Halfway through the show, my friend turned to me and said, in all earnestness, “Do you ever get to see the old woman’s face?” And I was like, “Um …. yes …. as a matter of fact, you do!” When the final reveal in the fruit cellar occurred, he simply said, “Whoah!” I asked him if he truly didn’t see any of that coming, and he replied, “Not in a movie this old.” And it’s true. Back then we didn’t have a nightly celebration, courtesy of 15 versions of Law and Order and CSI, of seriously damaged people who commit gruesome crimes and end up being fascinating as well as freakish.

Ah, that Alfred Hitchcock. He knew how to thrill.

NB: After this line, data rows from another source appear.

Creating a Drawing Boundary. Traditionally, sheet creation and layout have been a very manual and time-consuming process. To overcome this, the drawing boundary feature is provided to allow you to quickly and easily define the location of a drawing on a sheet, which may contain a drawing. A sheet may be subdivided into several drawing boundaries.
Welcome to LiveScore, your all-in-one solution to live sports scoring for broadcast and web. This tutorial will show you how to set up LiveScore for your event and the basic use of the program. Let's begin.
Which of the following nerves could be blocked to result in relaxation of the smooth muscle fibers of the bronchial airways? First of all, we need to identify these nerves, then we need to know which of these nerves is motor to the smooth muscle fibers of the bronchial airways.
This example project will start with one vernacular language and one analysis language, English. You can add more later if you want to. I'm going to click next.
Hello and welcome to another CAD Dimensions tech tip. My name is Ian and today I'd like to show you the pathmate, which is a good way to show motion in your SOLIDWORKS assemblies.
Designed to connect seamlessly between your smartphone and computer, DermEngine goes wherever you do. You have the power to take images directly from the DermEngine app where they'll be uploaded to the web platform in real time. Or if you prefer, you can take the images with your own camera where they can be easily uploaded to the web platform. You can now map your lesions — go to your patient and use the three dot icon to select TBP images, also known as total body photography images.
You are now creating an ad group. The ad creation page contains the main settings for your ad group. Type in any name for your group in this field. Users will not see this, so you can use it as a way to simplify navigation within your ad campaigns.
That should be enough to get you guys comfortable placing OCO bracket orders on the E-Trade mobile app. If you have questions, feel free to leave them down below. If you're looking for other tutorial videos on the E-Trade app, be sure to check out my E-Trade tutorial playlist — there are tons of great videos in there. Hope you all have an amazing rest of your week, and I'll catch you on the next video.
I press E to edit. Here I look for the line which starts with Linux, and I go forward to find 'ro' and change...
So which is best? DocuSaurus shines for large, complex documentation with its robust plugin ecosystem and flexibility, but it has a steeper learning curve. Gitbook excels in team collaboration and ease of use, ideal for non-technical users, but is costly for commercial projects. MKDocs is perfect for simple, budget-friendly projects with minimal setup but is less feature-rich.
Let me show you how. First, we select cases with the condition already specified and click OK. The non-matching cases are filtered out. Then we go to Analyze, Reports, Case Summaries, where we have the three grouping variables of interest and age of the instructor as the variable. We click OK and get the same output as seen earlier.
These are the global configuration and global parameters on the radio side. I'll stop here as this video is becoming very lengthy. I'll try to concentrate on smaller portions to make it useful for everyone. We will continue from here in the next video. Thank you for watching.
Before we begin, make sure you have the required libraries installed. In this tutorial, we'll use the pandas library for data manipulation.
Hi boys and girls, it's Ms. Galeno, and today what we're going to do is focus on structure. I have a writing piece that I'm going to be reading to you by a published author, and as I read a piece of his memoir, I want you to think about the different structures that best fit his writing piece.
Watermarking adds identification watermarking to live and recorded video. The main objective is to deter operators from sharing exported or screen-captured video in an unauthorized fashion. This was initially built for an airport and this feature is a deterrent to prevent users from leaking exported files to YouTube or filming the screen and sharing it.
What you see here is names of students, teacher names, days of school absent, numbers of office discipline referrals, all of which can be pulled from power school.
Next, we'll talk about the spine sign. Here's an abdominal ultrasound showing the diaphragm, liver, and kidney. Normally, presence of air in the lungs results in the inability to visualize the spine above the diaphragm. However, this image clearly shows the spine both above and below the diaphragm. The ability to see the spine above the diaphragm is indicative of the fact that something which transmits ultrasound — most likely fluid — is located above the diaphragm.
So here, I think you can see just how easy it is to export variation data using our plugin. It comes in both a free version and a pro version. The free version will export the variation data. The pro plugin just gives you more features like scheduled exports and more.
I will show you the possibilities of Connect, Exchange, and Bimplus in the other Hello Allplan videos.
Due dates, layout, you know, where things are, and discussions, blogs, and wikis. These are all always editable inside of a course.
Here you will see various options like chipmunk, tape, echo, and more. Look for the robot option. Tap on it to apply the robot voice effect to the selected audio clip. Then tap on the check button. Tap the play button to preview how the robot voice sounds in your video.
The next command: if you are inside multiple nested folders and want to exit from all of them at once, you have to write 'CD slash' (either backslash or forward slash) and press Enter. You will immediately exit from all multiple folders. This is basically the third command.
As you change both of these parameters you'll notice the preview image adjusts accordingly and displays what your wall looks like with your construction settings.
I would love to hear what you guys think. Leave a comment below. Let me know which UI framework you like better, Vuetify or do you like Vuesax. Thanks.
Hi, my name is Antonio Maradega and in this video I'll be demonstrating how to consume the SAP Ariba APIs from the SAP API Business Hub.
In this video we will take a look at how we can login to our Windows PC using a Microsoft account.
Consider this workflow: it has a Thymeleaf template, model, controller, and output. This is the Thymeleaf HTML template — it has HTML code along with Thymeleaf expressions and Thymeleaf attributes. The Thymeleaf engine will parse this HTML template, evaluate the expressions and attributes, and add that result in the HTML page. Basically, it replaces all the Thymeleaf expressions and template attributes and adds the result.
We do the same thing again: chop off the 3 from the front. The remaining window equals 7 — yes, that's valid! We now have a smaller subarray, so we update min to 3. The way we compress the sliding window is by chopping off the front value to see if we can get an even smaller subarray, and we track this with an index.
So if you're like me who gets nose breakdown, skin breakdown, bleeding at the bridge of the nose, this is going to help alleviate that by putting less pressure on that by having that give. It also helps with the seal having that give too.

The two movies I watched on Saturday, however, weren’t as good. Well, they were good in their own special way, much like a car wreck. They were terrible, but you couldn’t look away. One was an unbelievably bizarre 1970 flick starring Sandra Dee and Dean Stockwell that had something to do with a warlock, some weird chants, a Rosemary’s Baby-ish theme, and a crazy monster with tentacles that you were never actually allowed to see.

The other was a 1958 movie called “The Horror of Dracula” starring Christopher Lee. It basically featured Dracula lurking around the neighborhood preying on hapless women who left their windows open at night, while good ol’ Van Helsing tried to catch him sleeping in his coffin during the day. Part of the story line involved a woman who was bitten and converted to vampirism but was later cured and returned to the husband who’d never given up hope that she would recover. He’d even given her a blood transfusion after Drac just about sucked the life out of her neck.

What struck me most about the story wasn’t the idea of true love overcoming all odds. It was the idea that, because of his devotion, that guy had earned himself the ultimate argument-ender. For the rest of their married lives, he had something to hold over her head that was just awesomely unbeatable.

It wasn’t “Remember the time you gained 20 pounds and I stuck around?” or “Remember when your grandmother died and I took three days off work to drive you to the funeral?” or “Hey, remember when I agreed to quit school and move across the country just to be with you?” It wasn’t even “Don’t forget, I gave you a kidney.”

It was “Remember the time you were undead? Yeah. That was me by your side.” I imagine the conversations would go something like this:


“Honey, did you take the trash out?”

“No, but you were a vampire.”

“Well, do you think you could turn off the football game?”

“Do you think you could not have been a vampire?”

“Are you listening to me?”

“VAMPIRE!”

Not even Hitchcock could come up with a scheme that diabolical.